Payload Fairing Installed for ICON Mission

On Oct. 4, 2018, technicians at Vandenberg Air Force Base in California, installed the payload fairing on the Northrop Grumman Pegasus XL rocket that will launch NASA’s Ionospheric Connection Explorer, or ICON, satellite.

ICON is being prepared for launch on a Pegasus XL rocket which will be carried aloft by Northrop Grumman’s L-1011 Stargazer aircraft. The Stargazer with the Pegasus XL attached is scheduled to fly from Vandenberg, where it was processed, to the Skid Strip at Cape Canaveral Air Force Station in Florida on Oct. 19, 2018.

Launch of the Pegasus XL rocket is scheduled for Oct. 26, 2018. The Stargazer jet will take off from the Skid Strip at the Cape. About 50 miles offshore of Daytona Beach, Florida, the Pegasus XL will be dropped with the engine igniting five seconds later boosting ICON to orbit. The Stargazer is a mobile launch platform and the only one of its kind in the world.
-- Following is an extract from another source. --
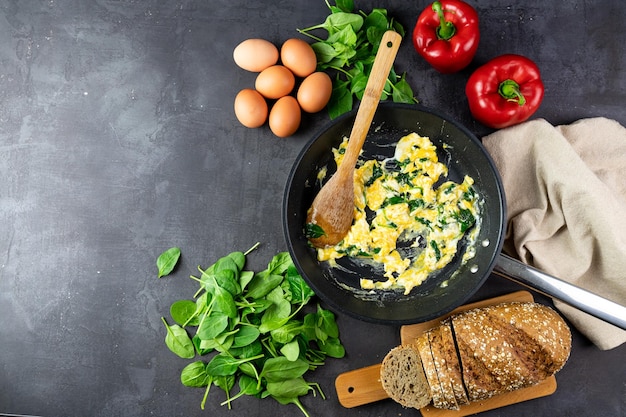 Scrambled eggs with spinach in a pan copy space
ICON will study the ionosphere, where terrestrial weather meets space weather. This dynamic zone high in Earth’s atmosphere can be a source of great beauty such as the aurora, but can also be disruptive to radio communications and satellites and astronaut health. ICON will help determine the physical processes at play in this “frontier of space,” thus paving the way for mitigating their effects on our technology, communications systems and society.